Hunting game for food, clothing and shelter is a big part of the story of the human race. It predates the human civilization we know today in many ways. There are many discoveries that are being made that confirm that notion. An Asian fossilized spearhead discovered recently was dated at over 16,000 years old, for example. There is also evidence that we used larger animals for food almost two million years ago.
The earliest form of hunting involved, as far as the experts can tell, involved weapons like spears or bow and arrows shot from a distance. Believe it or not, our ancestors caught their food using the same method we use to catch the bus to work when we’re late. We ran after it.
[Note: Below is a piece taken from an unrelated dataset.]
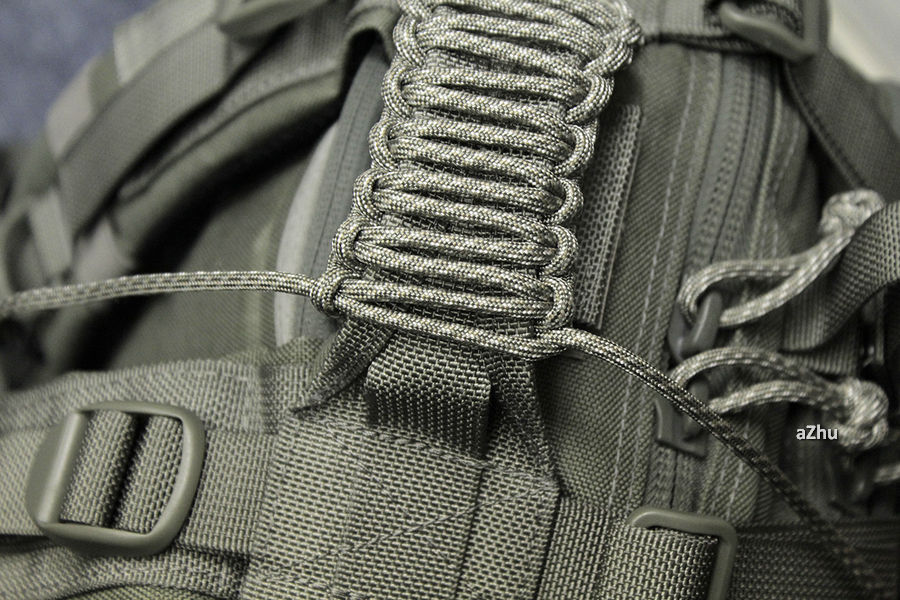 Backpack Handle Wrap IUCN Water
Before he learned to use long range weapons, early man had no other way of catching his dinner than being persistent and wearing it down over a long trek, sometimes even in the oppressive midday heat.
Some early hunters would chase antelope over 20 miles in heat over 100 degrees. Persistence hunting would be the order of the day. African hunters would chase a Kudu, which is an early version of the antelope, by startling the animal so it ran away. They would chase the beast at a fast pace, and, while the faster Kudu would always be further ahead, the hunters would catch up to it when it took time to rest in the shade. The hunter would eventually finish the animal off with a spear, but not until he was at close range. This type of hunting is still practised in Southern Africa.
With changes in human society, hunting evolved. As we began to grow our own food and keep animals, hunting became a specialized task. Not just the traditional masculine endeavour anymore, hunting became a specific duty with tradesmen acquiring precise training. The other trend was hunting becoming the sport and leisure domain of the upper classes. It was here that the English word ‘game’ became common.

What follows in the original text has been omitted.